Terminada a cerimônia, Jesus retomou o manto que tirara para o trabalho e voltou ao seu lugar à mesa. Só então fez ver o sentido do seu gesto.
— Compreendeis o que acabo de fazer convosco? Vós me chamais de “Mestre” e “Senhor” e dizeis bem, porque o sou. Pois se eu, o Senhor e o Mestre, lavei os vossos pés, também vós deveis lavar os pés uns dos outros. Dei-vos um exemplo, para que também vós façais como fiz convosco. Em verdade, em verdade vos digo, o servo não é mais que o senhor nem o enviado mais do que aquele que o envia.

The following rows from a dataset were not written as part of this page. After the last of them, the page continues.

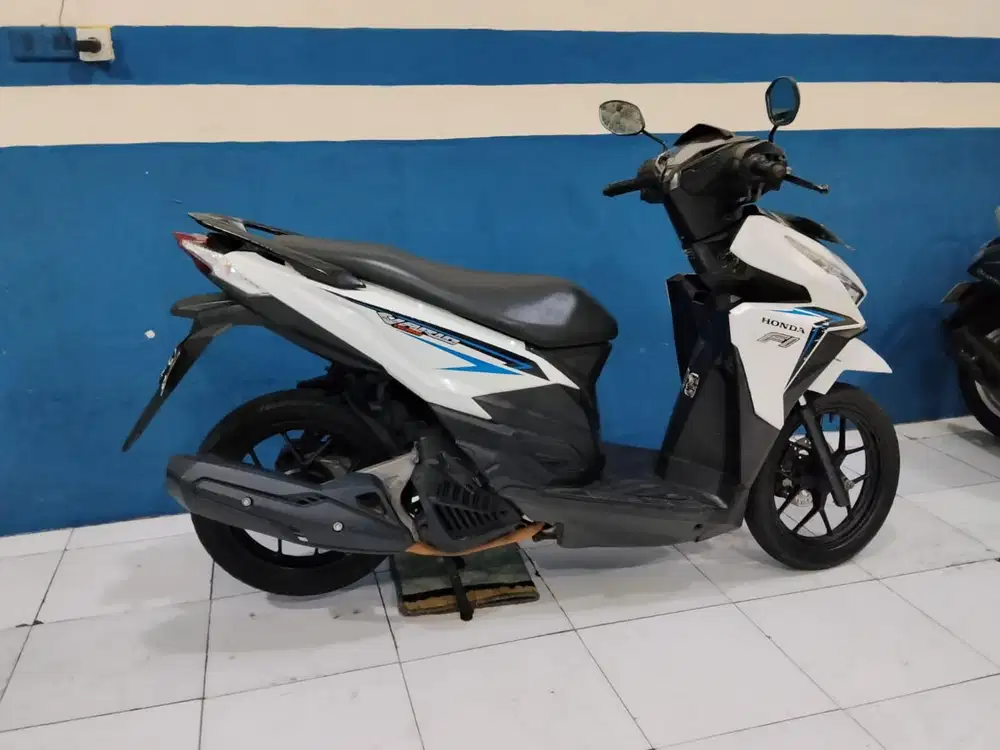 DIJUAL HONDA VARIO LED OLD 125 2016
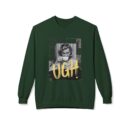 UGH Unisex Midweight Softstyle Fleece Crewneck Sweatshirt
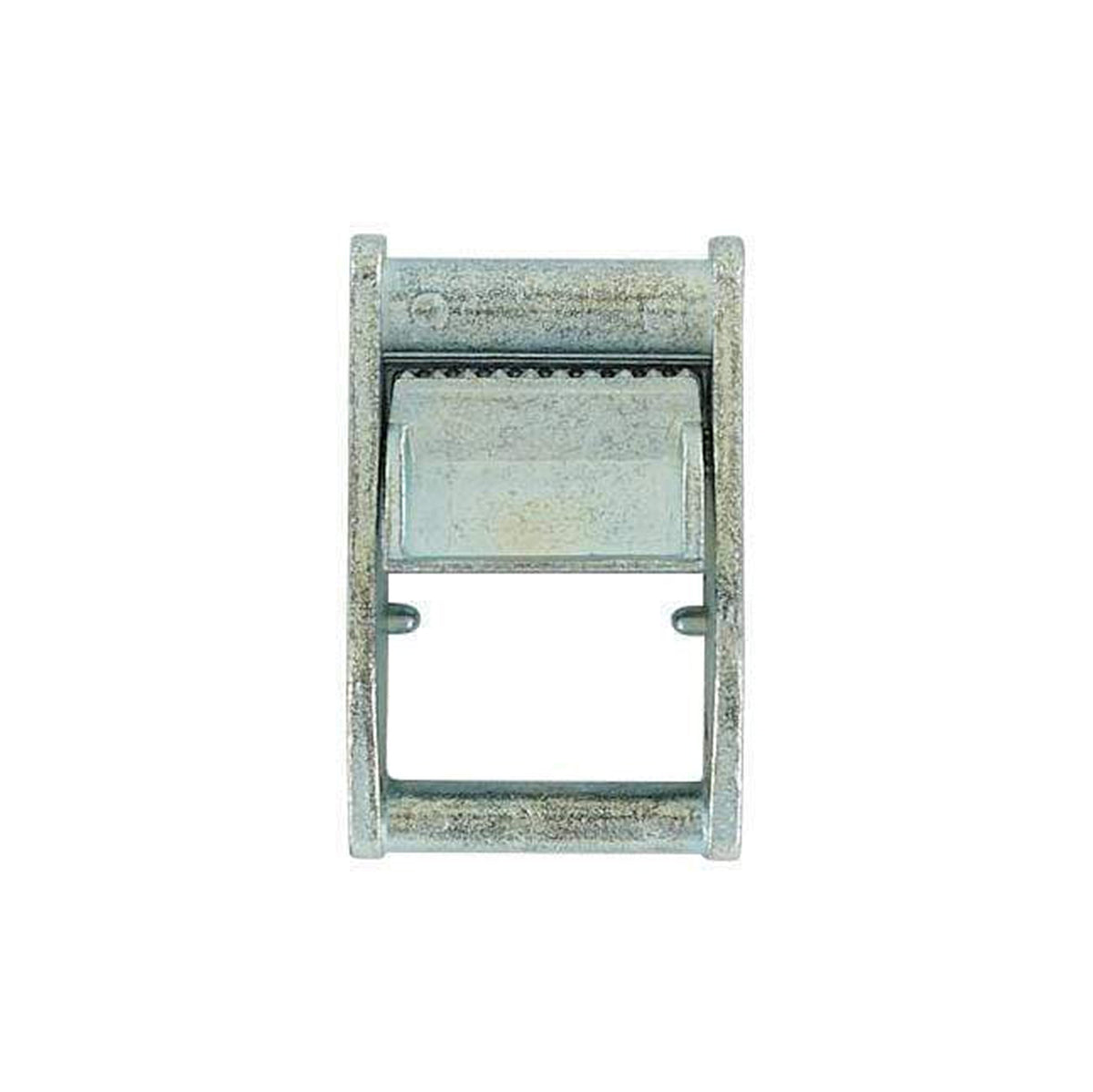 1" Nickel, Cam Strap Buckle, Zinc Alloy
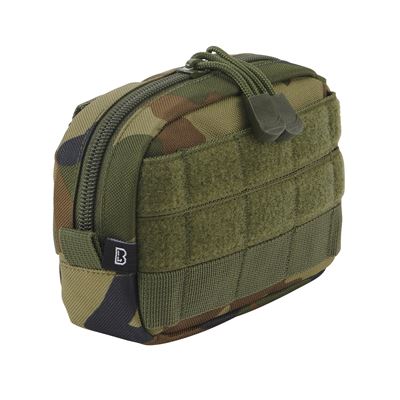 Custodia COMPACT MOLLE WOODLAND
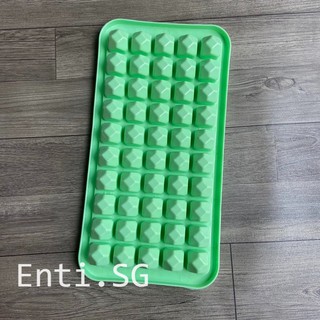 Khay thạch, khay đổ rau câu, thạch trà sữa 50 viên kim cương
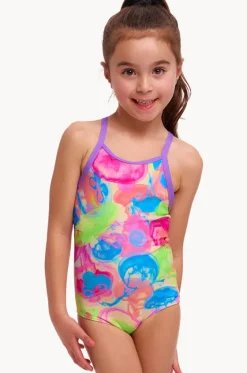 Girls Sweet Sting One Piece|Funkita Discount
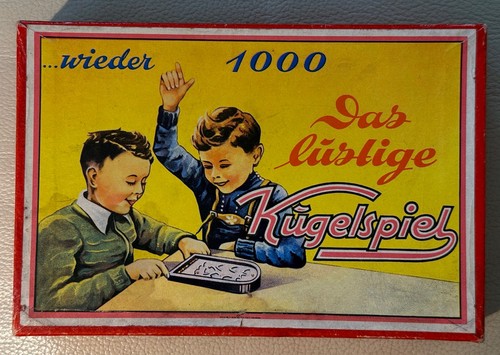 Wieder 1000 das - das, lustige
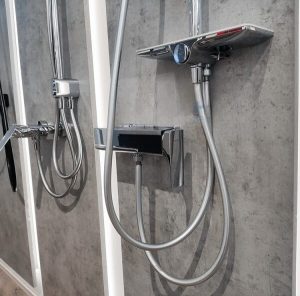 THANH SEN KẾT HỢP KỆ INTENSITY HAFELE 589.23.155 - 10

A lição imortal da humildade foi narrada por uma testemunha ocular, pois consta do capítulo 13 do Evangelho de João. Muito falamos de humildade e muito ouvimos falar dela, ao longo desses dezenove séculos, mas quantas vezes separamos um minuto do nosso tempo atribulado para, no recolhimento silencioso, visualizar aquela cena comovente de um Espírito como não há outro neste planeta, curvado ao chão, lavando e enxugando os pés de seus discípulos simplesmente para imprimir-lhes para sempre na memória o preceito da humildade.
Teriam aprendido a lição? Certamente que sim. Mais tarde, escrevendo aos seus amigos ao longe diria Pedro:
— De igual maneira, jovens, sede submissos aos mais velhos; revesti-vos todos de humildade em vossas mútuas relações, pois “Deus resiste aos orgulhosos e concede sua graça aos humildes”.

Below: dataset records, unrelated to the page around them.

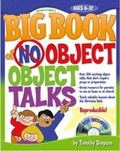 Cover: Big Book of No-Object Talks - Gospel Light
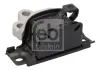 Lagerung, Automatikgetriebe links FEBI BILSTEIN 184934 Bild Lagerung, Automatikgetriebe links FEBI BILSTEIN 184934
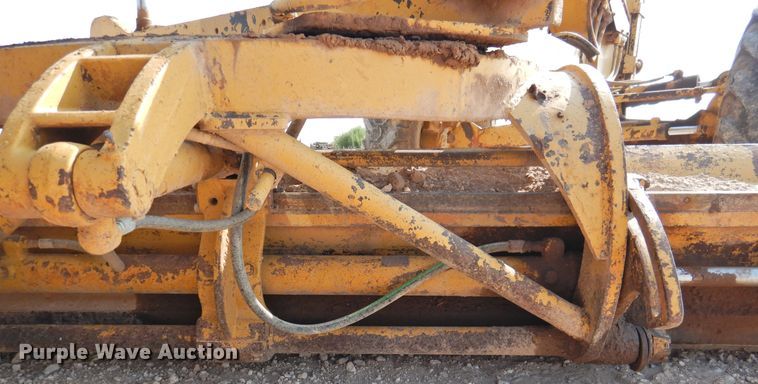image for item DK2396 1977 Caterpillar 120G  motor grader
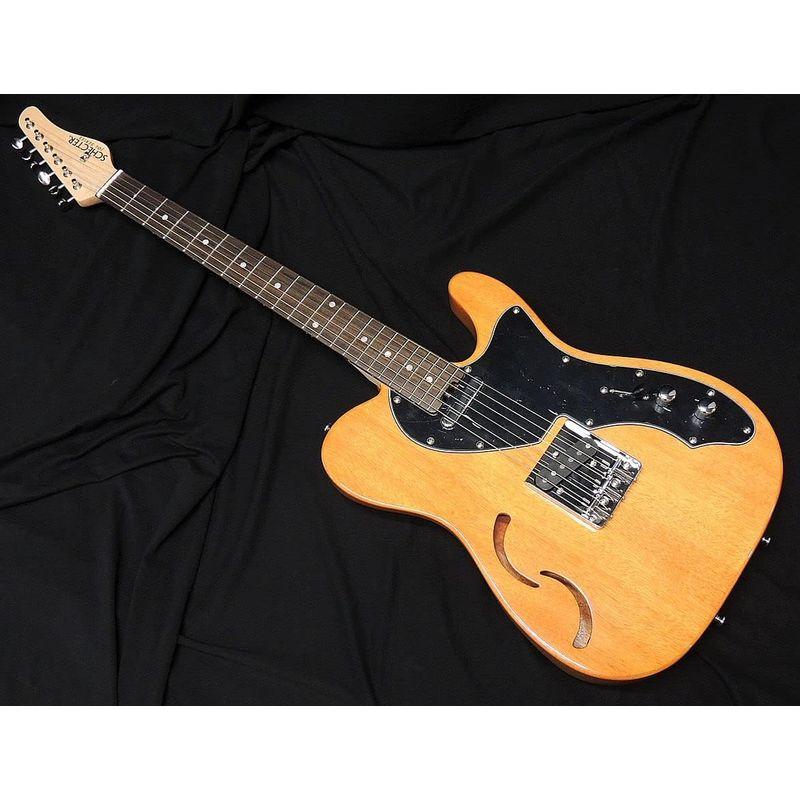 【中古品 】 テレキャスター SCHECTER OL-PT-TH ONTL Old Natural シェクター シンライン タイプ オールド ナチュラル 【SKC1060684504】(37206円)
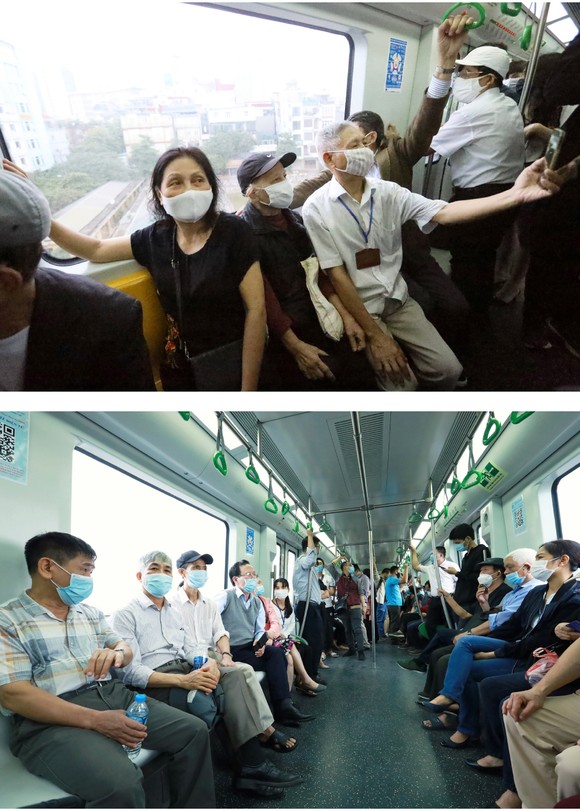 Đường sắt đô thị Cát Linh - Hà Đông: Những dấu mốc ảnh 16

A lição é sutil porque humildade não é sinônimo de subserviência, de bajulação, de servilismo. O Cristo de Deus, ajoelhado ao chão lavando os pés de seus amigos não servil nem bajulador — é humilde, porque a grandeza dispensa o orgulho. O orgulho só existe quando queremos ser o que não somos. Nossas posições — humanas ou espirituais — podem parecer desniveladas às vezes, mas parecer é diferente de ser. O Espírito que se assinou Irmã Rosália, escreveu em mensagem coligida por Kardec, em 1860, esta observação:
- Encontrei aqui (no mundo espiritual) um dos pobres da Terra, a quem, por felicidade, eu pudera auxiliar algumas vezes, e ao qual, a meu turno, tenho agora que implorar auxílio (“O Evangelho segundo o Espiritismo”, cap. 13).
Se por um momento de invigilância nos sentirmos maiores ou melhores do que o irmão ao lado, é bom lembrar depressa que o servo não é mais do que o senhor. E aquele a quem hoje atiramos uma distraída moeda, poderá ser amanhã aquele que vai vos estender a mão para nos tirar das sombras que nos envolverem.
João Marcus
Nota explicativa: - Hermínio C. Miranda também assinava seus artigos como João Marcus e H.C.M. Este expediente foi sugerido pelo editor da Revista Reformador para que pudessem ser publicados mais artigos dele em uma mesma revista.
Texto publicado na Revista Reformador em Abril de 1974, posteriormente incluído no livro: - "Candeias na noite escura", uma compilação com os melhores artigos de Hermínio na revista Reformador assinadas sob o pseudônimo de João Marcus.
- Para seguirmos corretamente o espiritismo, devemos submeter todas as mensagens mediúnicas ao crivo duplo de Kardec, sendo eles, a razão e a universalidade.